鹿児島県医師会(池田琢哉会長)の政治組織「鹿児島県医師連盟」(同)が、自民党二階派に入会した三反園訓衆議院議員の資金管理団体「みたぞのさとし後援会三訓会」に行った200万円の献金が、同団体の政治資金収支報告書に記載されていないことが分かった。政治資金規正法上の「不記載」の状態。三訓会の会計責任者に確認しようと議員会館の三反園事務所に取材を申し入れたが、出稿までに連絡はなかった。
■消えた医師連盟の200万円
鹿児島県医師連盟が鹿児島県選挙管理委員会に提出した令和2年度分の政治資金収支報告書によれば、同年4月30日、県医師連盟は当時鹿児島県知事だった三反園氏の資金管理団体「みたぞのさとし後援会三訓会」(以下、三訓会)に対し「200万円」の献金を行っていた。(*下が収支報告書の表紙と支出の該当ページ)

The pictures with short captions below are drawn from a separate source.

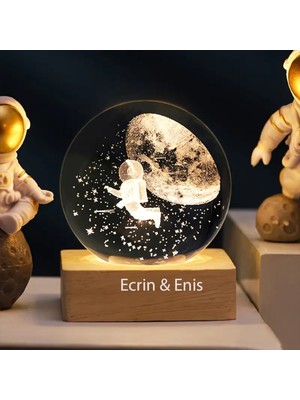 PremiumPort Isme Özel Büyük Boy Işıklı Ahşap Kare Kaideli Ay ve Astronot Temalı Cam Küre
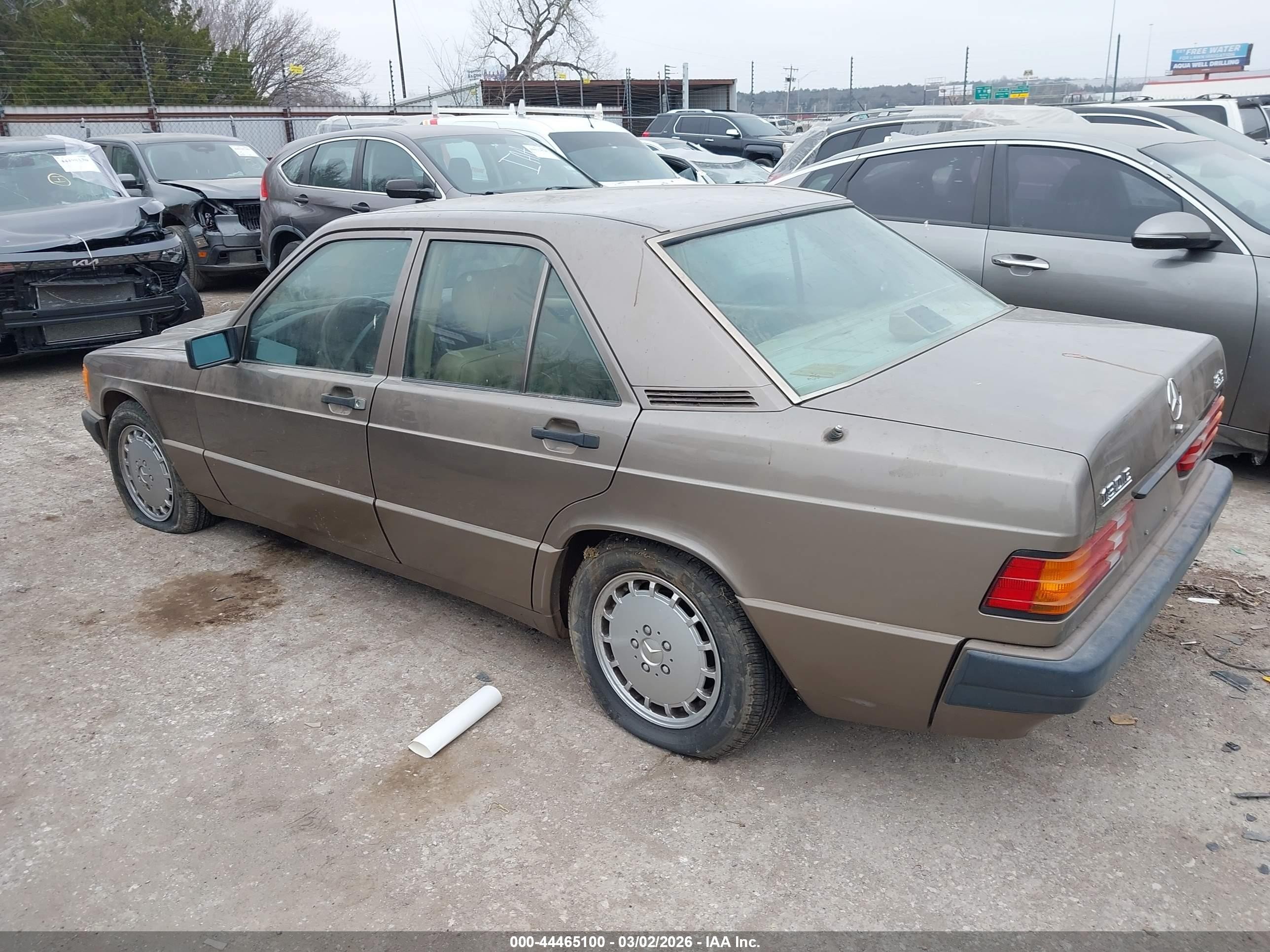 1990 Mercedes-benz 190 E 2.6 Tan vin: WDBDA29D1LF699834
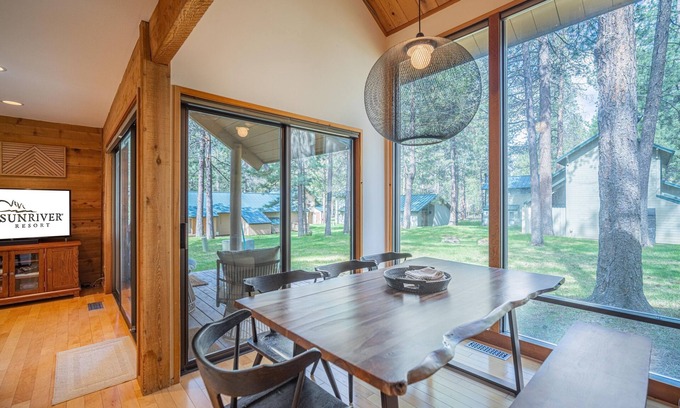 Sunriver Condominio | Charming Ranch Cabin with Deck, Loft Bunks and Private Pool Access
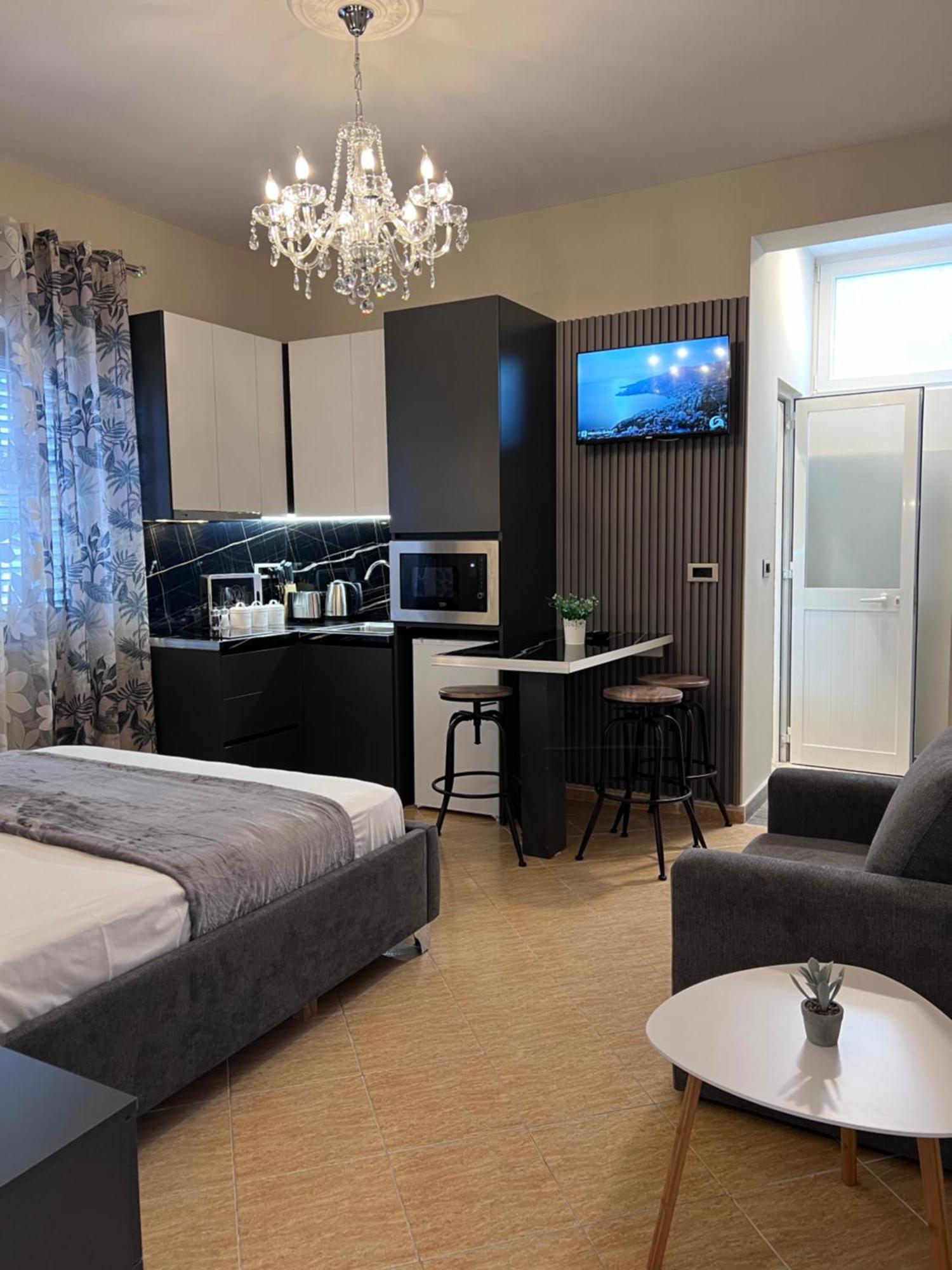 公寓 Modern In A - Tirana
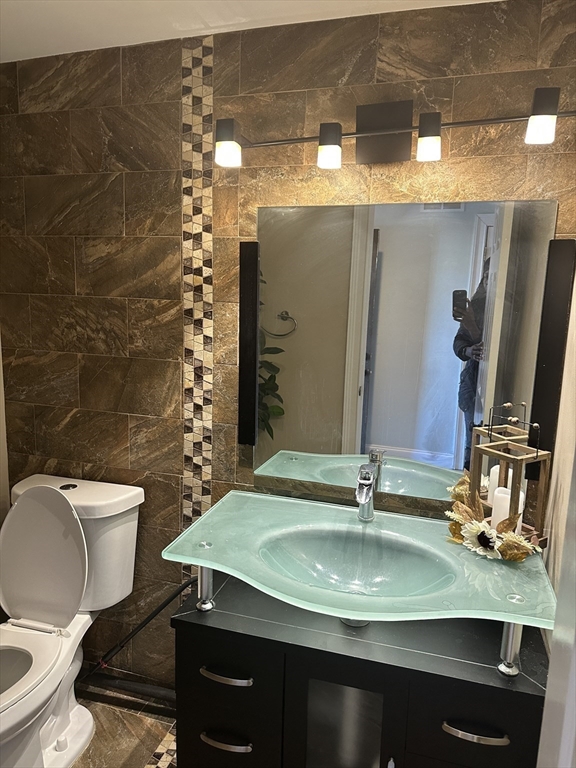 100 Rosewood Dr, Stoughton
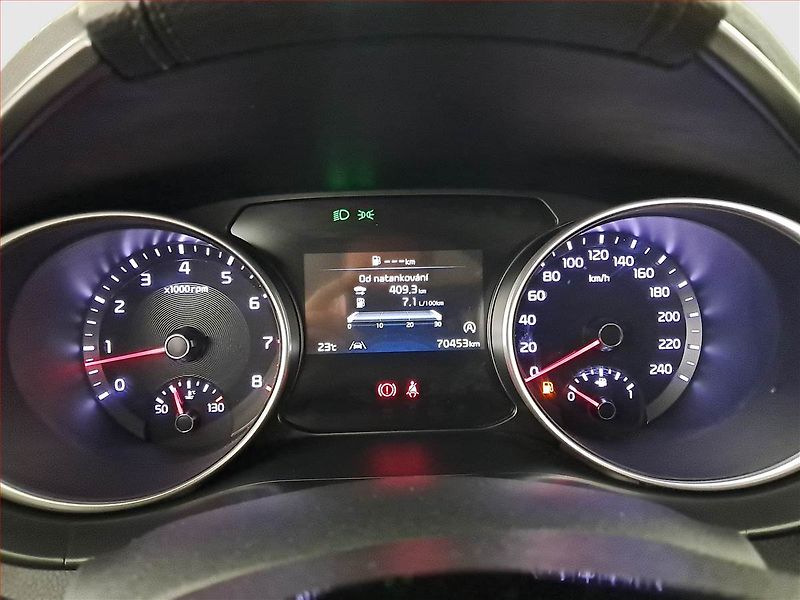 Kia Ceed (2023) 1.5 T-GDI, ČR,1.maj - fotka 11 z 19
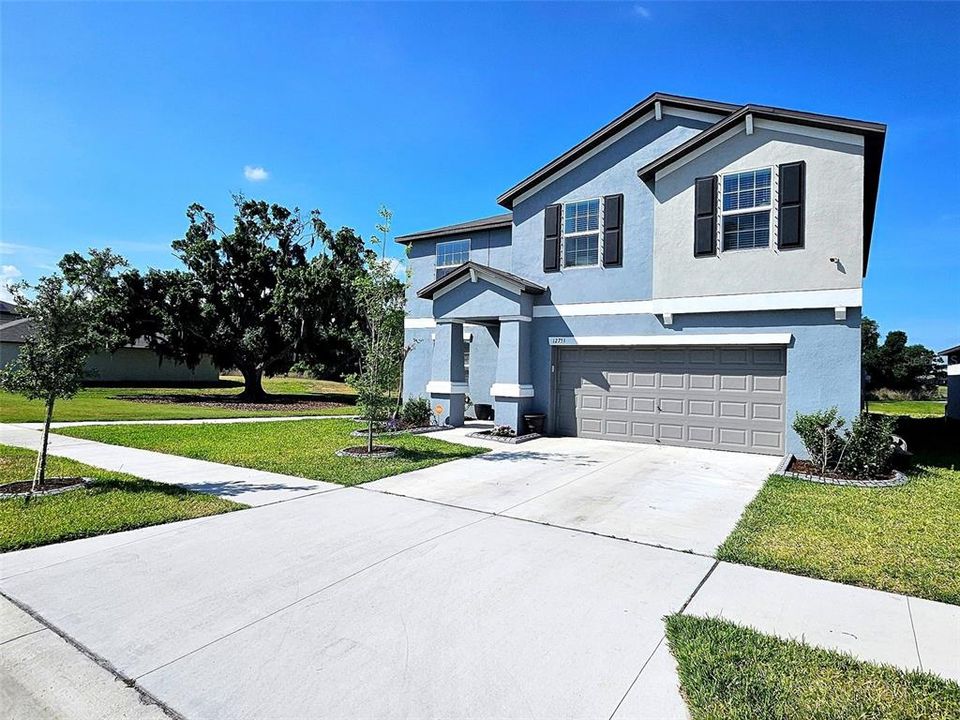 For Rent: $3,500 (6 beds, 3 baths, 3092 Square Feet)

200万円は、鹿児島県医師連盟による同年の政治献金の中では突出した金額。令和2年は、県政トップだった三反園氏が2期目に挑んだ知事選が行われた年で、三反園氏の後援会長を務めていたのが県医師会と県医師連盟の会長を兼ねている池田琢哉氏だったことから、現職知事に対する手厚い資金援助が行われたものとみられる。
一方、献金を受けた三訓会が総務省に提出した令和2年分の政治資金収支報告書を確認したところ、該当する収入の記載はなく、医師会関係は政治団体「川内市医師連盟」から同年6月12日に寄附された50万円だけだった。

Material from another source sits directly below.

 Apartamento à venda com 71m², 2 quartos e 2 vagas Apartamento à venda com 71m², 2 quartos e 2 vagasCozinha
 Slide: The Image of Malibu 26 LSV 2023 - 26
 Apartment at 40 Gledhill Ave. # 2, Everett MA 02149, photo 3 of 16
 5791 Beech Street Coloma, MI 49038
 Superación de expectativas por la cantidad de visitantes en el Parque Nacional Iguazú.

県医師連盟から三訓会に渡った200万円の献金は不記載の状態。念のため、三反園陣営が県選管に届け出ているもう一つの支援団体「みたぞのさとし後援会」の令和2年分政治資金収支報告書も確認したが、該当する寄附の記載はなかった。
下は、三訓会が鹿児島医師連盟に発行した200万円の領収書。県医師連盟の政治資金収支報告に間違いがない証拠だ。

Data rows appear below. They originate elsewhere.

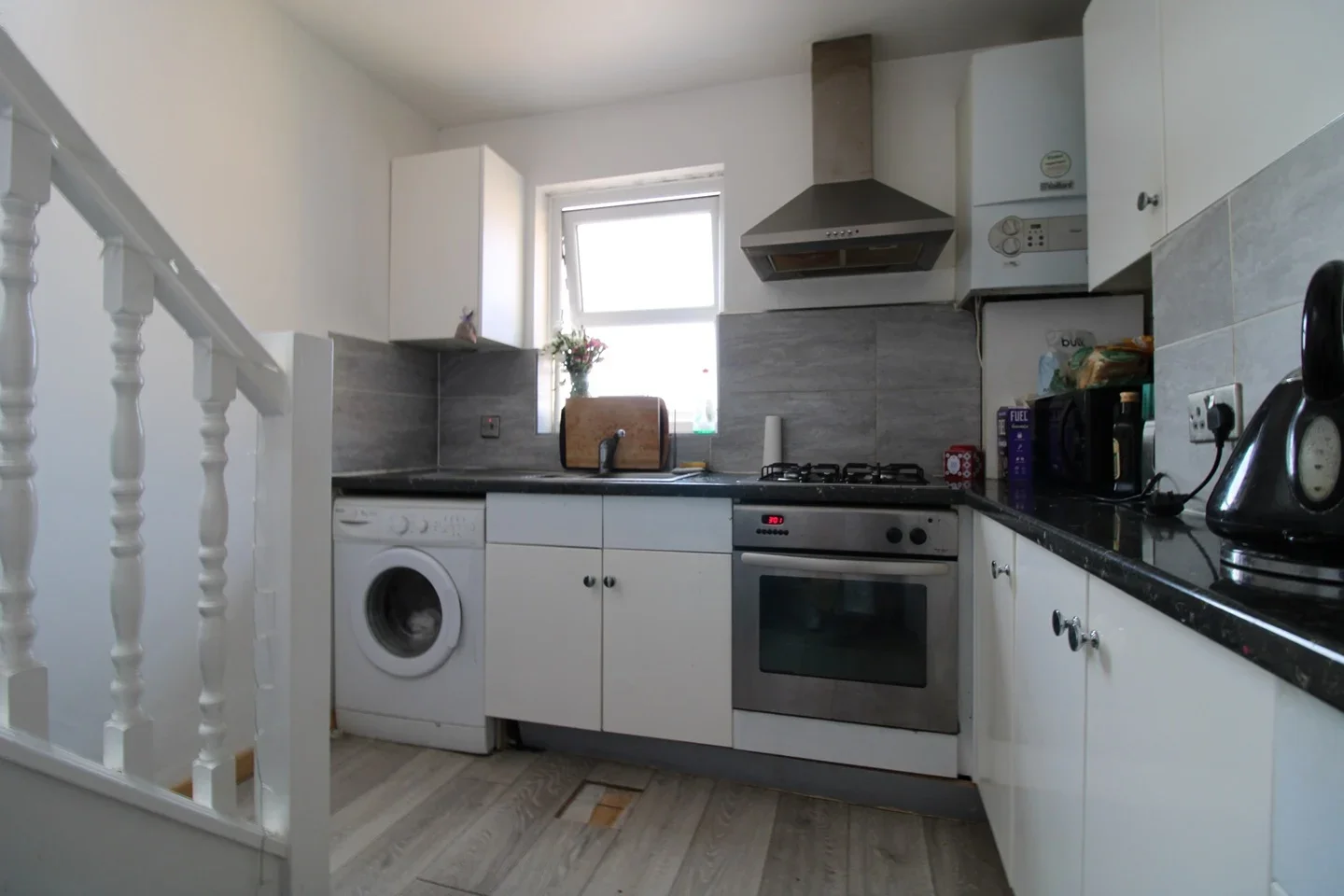 Flat Arthur Road in Greater London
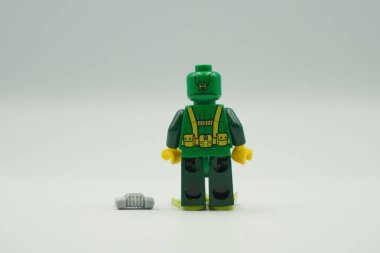 Lego mini figürü Hidrodalgıç yeşil gövdeli oyuncağı tuğlalar ve beyaz arka planda dalış kıyafeti
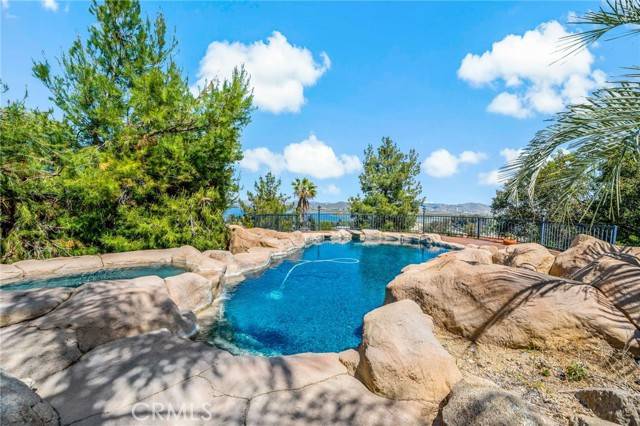 Lake Elsinore, CA 92530,18339 Sanders DR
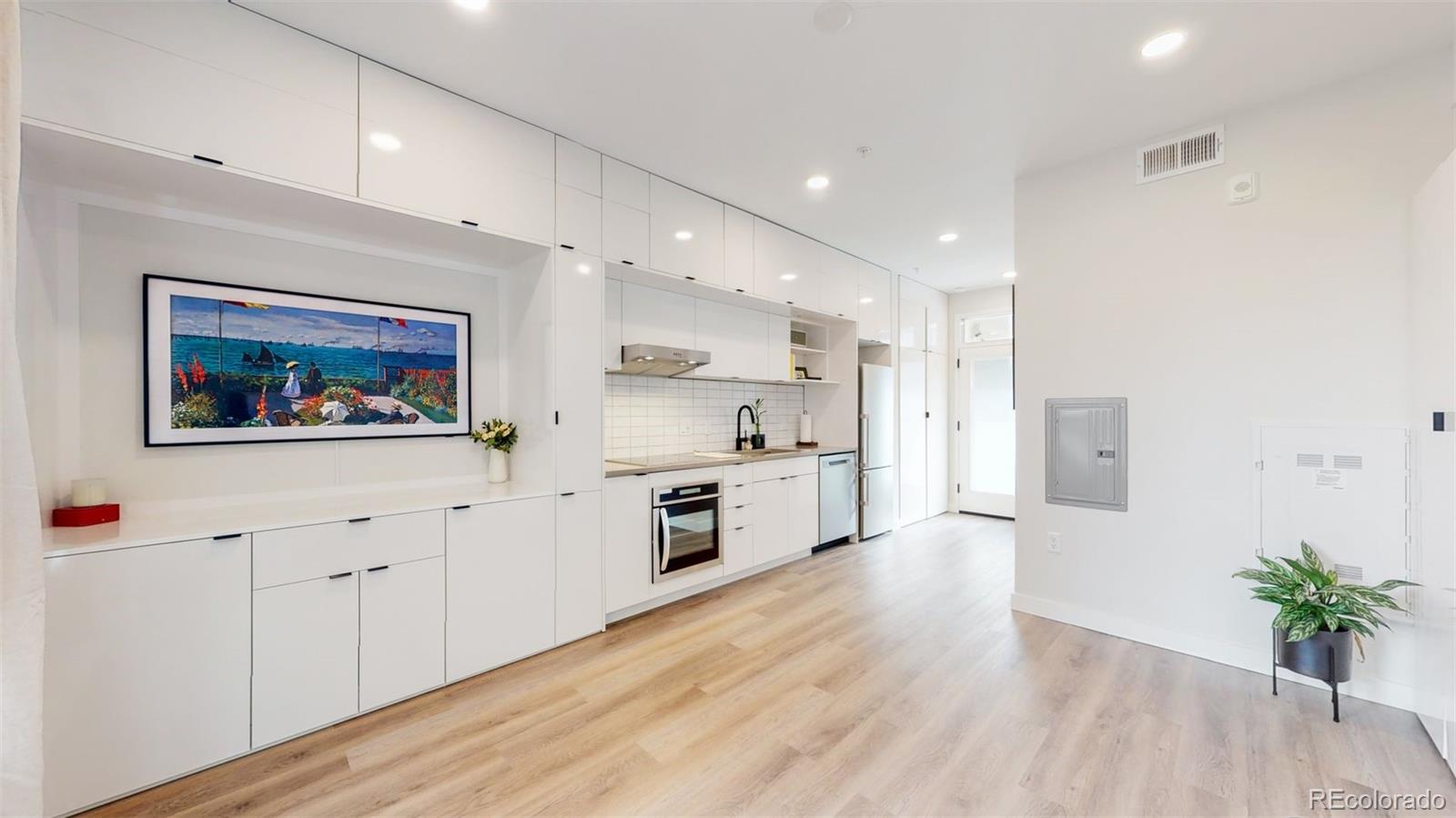 MLS Image #3 for 2120 n downing street,denver, Colorado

では、三訓会の収支報告書に県医師連盟から受けた200万円の寄附の記載がないのは何故か――?11日、三訓会の会計責任者に話を聞こうと、同会の主たる事務所のものとされる電話番号にかけてみたが、呼び出し音が鳴るだけ。やむなく永田町の議員会館にある三反園氏の事務所に取材を申し入れたが、12日夜の出稿時間までに連絡はなかった。
■疑惑の政治資金
「三訓会」の政治資金処理には問題点が多い。問題の令和2年分政治資金収支報告書によれば、同団体がこの年に集めた政治資金は3,035万円。内訳は、150万円が他の政治団体からの寄附で、残り2,885万円が個人からの寄附。個人からの寄附2,885万円のうち330万円は三反園氏個人からのもので、約9割にあたる2,555万円が報告書に記載義務のない5万円以下の「その他の寄附」となっていた。寄附者の確認ができないカネが、2,555万円もあるという、常識では考えられない集金実態だった。(*下が三訓会の政治資金収支報告書の該当ページ。赤い書き込みはハンター編集部)
5万円以下の寄附だけで2,555万円を集めたという記載が事実なら、少なくとも511人が5万円を、金額がまちまちならそれ以上の人が寄附したことになる。政治資金パーティー以外の方法で、これだけ多くの個人から5万円以下の寄附を集める政治家はまずいない。政界関係者の多くが、「虚偽記載」を疑っているのは言うまでもない。